Developed MatrixKAN, an efficient, parallelized implementation of KAN.
3.

Demonstrated that the effective computation time of MatrixKAN scales preferably relative to the degree of the B-spline employed within the model, resulting in more efficient calculations for high-degree B-splines.
4.

Demonstrated that KANs / MatrixKANs utilizing relatively high-degree B-splines yield improved performance when modeling various functions.

2 Background and Related Work

2.1 Kolmogorov-Arnold Networks

In addition to the features already noted, KANs differ from MLPs in their theoretical foundation. Unlike MLPs, whose theoretical basis as a function modeling framework derives from the universal approximation theorem, KANs rely on the Kolmogorov-Arnold representation theorem, which provides that every multivariate continuous function $f$ can be represented as a finite composition of continuous, univariate functions and the binary operation of addition:

f(x)=f(x_{1},...,x_{n})=\sum_{q=1}^{2n+1}\Phi_{q}(\sum_{p=1}^{n}\phi_{q,p}(x_{p}))

(1)

where $\phi_{q,p}:[0,1]\rightarrow\mathbb{R}$ and $\Phi_{q}:\mathbb{R}\rightarrow\mathbb{R}$ (Kolmogorov, 1957; Liu et al., 2024a). This traditional formulation of the Kolmogorov-Arnold representation theorem is analogous to a small neural network with (i) $n$ input neurons, (ii) a single hidden layer with $2n+1$ neurons, and (iii) a single output neuron. $\phi_{q,p}$ represent the edges between input neurons and neurons in the hidden layer, and $\Phi_{q}$ represent edges between neurons in the hidden layer and the output neuron.

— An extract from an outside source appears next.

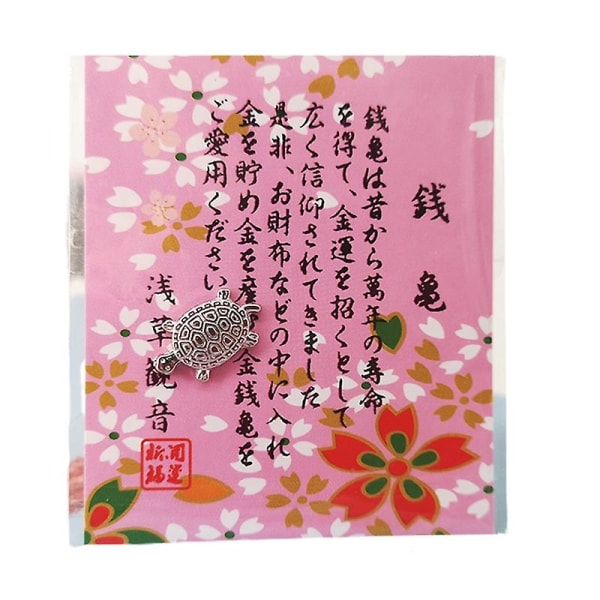 Guld Silver Lucky Turtle Lucky Turtle Tortoise Flower Paper Card Bring Luck pink Sakura Paper Card Silver turtle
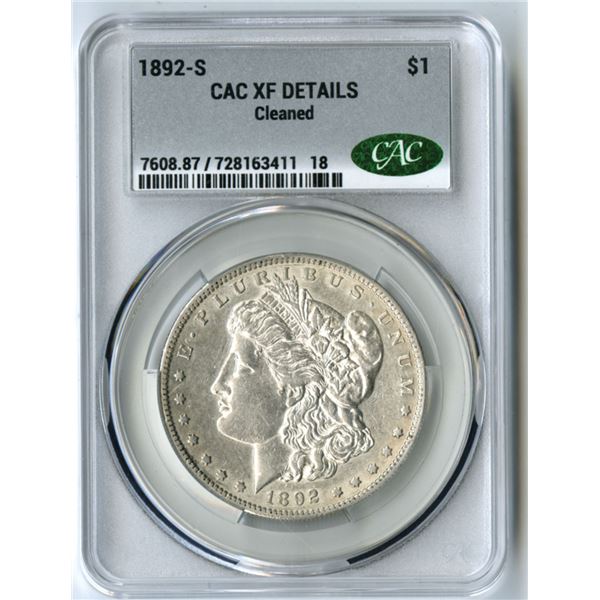 U.S., Morgan Silver Dollar, 1892-S, $1, CAC graded XF Details (Cleaned)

To generalize this approach for modeling more complex systems and to facilitate training of this using traditional neural network regression strategies, KANs expand this two-layer network to networks of arbitrary width and depth and parameterize all edge functions using B-splines. The shape of a KAN is represented as $[n_{0},n_{1},...,n_{L}]$ , where $n_{i}$ is the number of nodes in the $i^{th}$ layer. The activation value for a given node is represented as $x_{l,i}$ and the B-spline activation function between two nodes in adjacent layers is represented as $\Phi_{l,j,i}$ , where $l$ denotes the layer, $i$ denotes the neuron within the given layer and $j$ denotes the connected neuron in the subsequent layer (Liu et al., 2024a):

\phi_{l,j,i},l=0,...,L-1,i=1,...,n_{l},j=1,...,n_{l+1}

(2)

The output of a given B-spline activation function is represented as $\tilde{x}\equiv\Phi_{l,j,i}(x_{l,i})$ . For any given node, the activation value is equal to the sum of the outputs of the B-spline activation functions on each incoming network edge (Liu et al., 2024a):

x_{l+1,j}=\sum_{i=1}^{n_{l}}\tilde{x}_{l,j,i}=\sum_{i=1}^{n_{l}}\phi_{l,j,i}(x_{l,i})

(3)

where $j=1,...,n_{l+1}$ .

2.2 B-Splines

Refer to caption — Figure 1: Diagram of a cubic B-spline curve, including applicable knots (turquoise) and control points (red).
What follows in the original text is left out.